> [EXERCISE] When you print the material, keep every line identical to the original.

******************************

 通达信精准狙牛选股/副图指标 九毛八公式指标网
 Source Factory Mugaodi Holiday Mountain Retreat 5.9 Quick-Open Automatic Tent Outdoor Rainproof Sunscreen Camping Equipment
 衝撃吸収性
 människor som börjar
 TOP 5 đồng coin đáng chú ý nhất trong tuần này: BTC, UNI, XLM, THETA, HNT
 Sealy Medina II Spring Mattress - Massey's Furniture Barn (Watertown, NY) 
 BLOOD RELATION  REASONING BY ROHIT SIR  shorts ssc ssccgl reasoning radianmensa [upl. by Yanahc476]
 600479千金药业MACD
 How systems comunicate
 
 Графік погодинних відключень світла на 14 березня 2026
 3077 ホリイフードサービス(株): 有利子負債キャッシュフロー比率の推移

******************************

> [ANSWER TO THE EXERCISE]
 通达信精准狙牛选股/副图指标 九毛八公式指标网
 Source Factory Mugaodi Holiday Mountain Retreat 5.9 Quick-Open Automatic Tent Outdoor Rainproof Sunscreen Camping Equipment
 衝撃吸収性
 människor som börjar
 TOP 5 đồng coin đáng chú ý nhất trong tuần này: BTC, UNI, XLM, THETA, HNT
 Sealy Medina II Spring Mattress - Massey's Furniture Barn (Watertown, NY) 
 BLOOD RELATION  REASONING BY ROHIT SIR  shorts ssc ssccgl reasoning radianmensa [upl. by Yanahc476]
 600479千金药业MACD
 How systems comunicate
 
 Графік погодинних відключень світла на 14 березня 2026
 3077 ホリイフードサービス(株): 有利子負債キャッシュフロー比率の推移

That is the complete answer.